Here's a message for both our homegrown Neoconservative, bloggy, gutless wonders and the Jihadi nutcases overseas: I grew up in the cold-war, my parents went through WW2 for crying out loud. We are not paralyzed with fear over Osama. Despite your best efforts, I'm not obsessed with terrorism. Sheesh, I barely even think about it. I face bigger statistical risks, in every way, every day, and on every scale, just driving across a set of railroad tracks and down the interstate smoking a cigarette in the rain, and I don't worry much about that either.

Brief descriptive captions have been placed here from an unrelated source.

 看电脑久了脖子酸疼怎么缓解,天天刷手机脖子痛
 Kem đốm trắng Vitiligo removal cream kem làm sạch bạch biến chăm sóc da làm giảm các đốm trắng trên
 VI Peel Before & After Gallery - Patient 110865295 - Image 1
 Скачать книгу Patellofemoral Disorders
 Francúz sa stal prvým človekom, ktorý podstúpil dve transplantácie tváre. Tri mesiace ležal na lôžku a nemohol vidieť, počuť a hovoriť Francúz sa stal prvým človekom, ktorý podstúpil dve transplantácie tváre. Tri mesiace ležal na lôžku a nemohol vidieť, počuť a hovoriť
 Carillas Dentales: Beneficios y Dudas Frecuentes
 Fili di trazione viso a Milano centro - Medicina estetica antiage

And if you want me to be afraid for my very nation's survival, Jebus H Christ, you damn well better be able to wave around a threat considerably more convincing than a rag-tag group of zealots who #### in caves and beg other people to put on suicide belts sporting a rip cord detonator.
 
I don't think "expecting the TSA to respond to real threats" = "living in fear." I agree that we should live bravely. But that doesn't mean we have to be stupid about it. If we know that the terrorists are planning on using a certain method to do very bad things, then it makes sense to take measures to prevent that from happening. I think many of those who want to throw caution to the wind would be the first to come down on the government if it failed to act to protect us and something happened.

JMHO.

And the DailyKos? LOL.
 
Here's what I want to come down on the government for:

While we're all running around wetting our pants over some Arabs mixing up home chemistry lab experiments, wanna take a guess as to what percentage of all those containers coming into the US on ships ever get opened and inspected?

25 percent?
10 percent?
5 percent?

Try one percent. One out of every 100 shipping containers ever gets opened and inspected by US Customs officers.

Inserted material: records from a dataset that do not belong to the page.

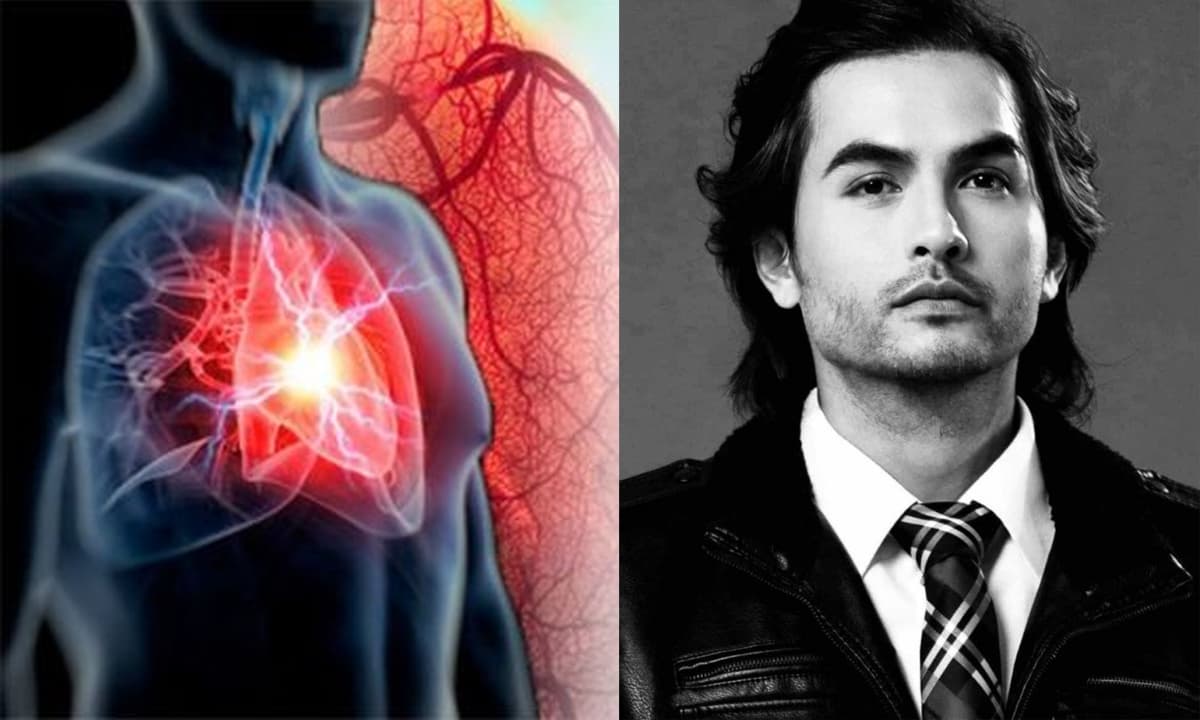 Nhồi máu cơ tim - căn bệnh khiến siêu mẫu Đức Tiến qua đời ở tuổi 44 nguy hiểm như thế nào? Giờ vàng điều trị nhất định không được bỏ lỡ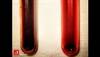 Image of the Week: Why is this pregnant woman's skin and blood discolored? Image of the Week: Why is this pregnant woman's skin and blood discolored?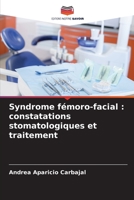 Syndrome fémoro-facial: constatations stomatologiques et traitement 6206301281 Book Cover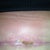Here is the problem area @ 51 days post op.  It has finally stopped draining, and appears to be almost healed.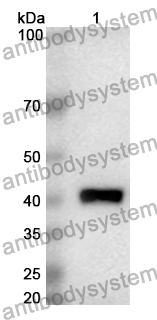 Anti-Human KIF7 Polyclonal Antibody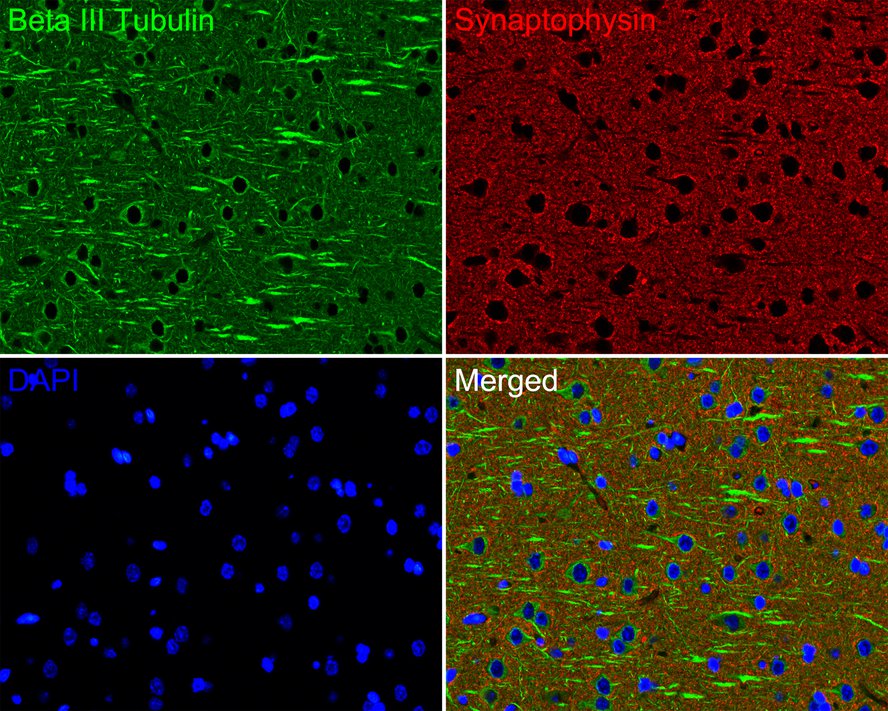 Immunofluorescence analysis of paraffin-embedded rat brain tissue labeling Beta III Tubulin (<a href="/products/M0805-8" style="font-weight: bold;text-decoration: underline;">M0805-8</a>) and Synaptophysin (ET1606-56).<br /><br />The section was pre-treated using heat mediated antigen retrieval with Tris-EDTA buffer (pH 9.0) for 20 minutes. The tissues were blocked in 10% negative goat serum for 1 hour at room temperature, washed with PBS. And then probed with the primary antibodies Beta III Tubulin (<a href="/products/M0805-8" style="font-weight: bold;text-decoration: underline;">M0805-8</a>, green) at 1/200 dilution and Synaptophysin (<a href="/products/ET1606-56" style="font-weight: bold;text-decoration: underline;">ET1606-56</a>, red) at 1/200 dilution overnight at 4 ℃, washed with PBS.<br /><br />Alexa Fluor&reg; 488 conjugate-Goat anti-Mouse IgG and Alexa Fluor&reg; 594 conjugate-Goat anti-Rabbit IgG were used as the secondary antibodies at 1/500 dilution. DAPI was used as nuclear counterstain.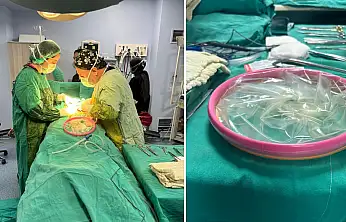 Siirt'te İlk Kez 'Alexis C-Section' Tekniği ile Sezaryen Ameliyatı Yapıldı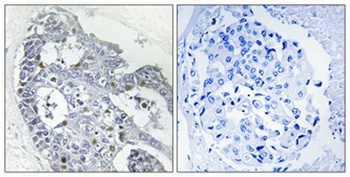 HoxD12 rabbit pAb Antibody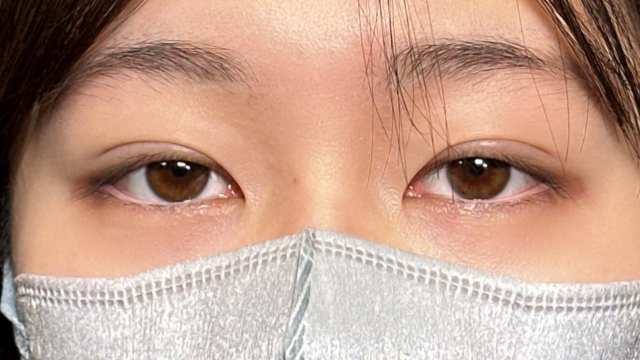 手术前的状态 其一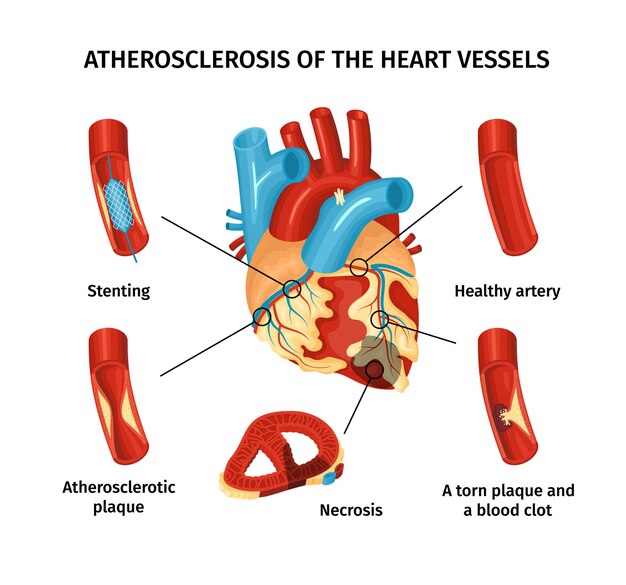 Infografía plana de aterosclerosis de vasos cardíacos con partes etiquetadas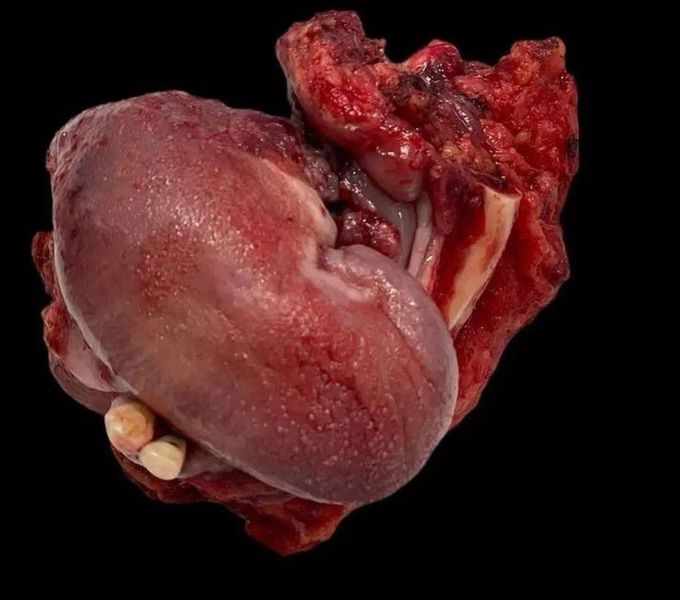 SEGMENTAL MANDIBULECTOMY- INDICATIONS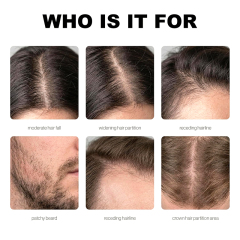 Oalen Hair Growth Serum Roll On, Forehead Hair Regrowth Roller Serum, Anti Hair Loss Scalp Treatment Oil, Nourish Thinning Hair Boost Baby Hair Growth for Men Women 25ml,MY SHOP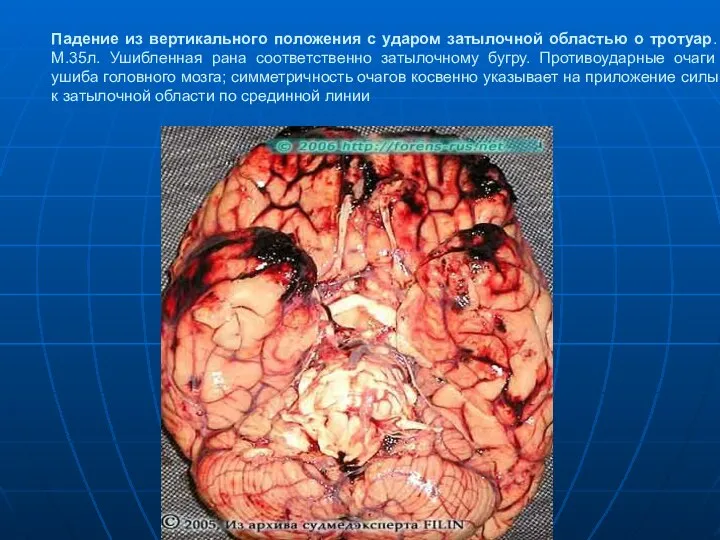 Падение из вертикального положения с ударом затылочной областью о тротуар. М.35л.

Do you know how ridiculously easy it would be for a terrorist to stick a dirty bomb in a 20-foot container, rig up a GPS detonating device and stick it on a boat from China along with all the other boxes of cheap Wal-Mart junk they ship to us? 😛h34r: Bye-bye San Pedro.

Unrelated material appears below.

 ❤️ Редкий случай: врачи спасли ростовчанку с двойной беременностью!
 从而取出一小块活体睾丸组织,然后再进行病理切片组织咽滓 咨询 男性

That's the sort of thing that would scare the #### out of me. Not to mention all the illegal immigrants they pack into those containers.

But no, that stuff isn't a priority. We've got to make sure Gramma doesn't carry her perfume onboard, and for God's sake that tube of Crest Ultimate Whitening is a threat to humanity. 🙄
 
I don't think "expecting the TSA to respond to real threats" = "living in fear." I agree that we should live bravely. But that doesn't mean we have to be stupid about it. If we know that the terrorists are planning on using a certain method to do very bad things, then it makes sense to take measures to prevent that from happening. I think many of those who want to throw caution to the wind would be the first to come down on the government if it failed to act to protect us and something happened.

JMHO.

And the DailyKos? LOL.

We should just expect that certain life activities contain a certain degree of inherent danger, i.e. flying on an aircraft. If one flies, they should accept the fact that there is a minute statistical probability (about the same chance of Myrtle the Turtle winning the Indianapolis 500) that a religious fanatic of the Islamic persuasion will attempt to blow up the plane. Now let me have my water as I do NOT want to be dehydrated when I get to London.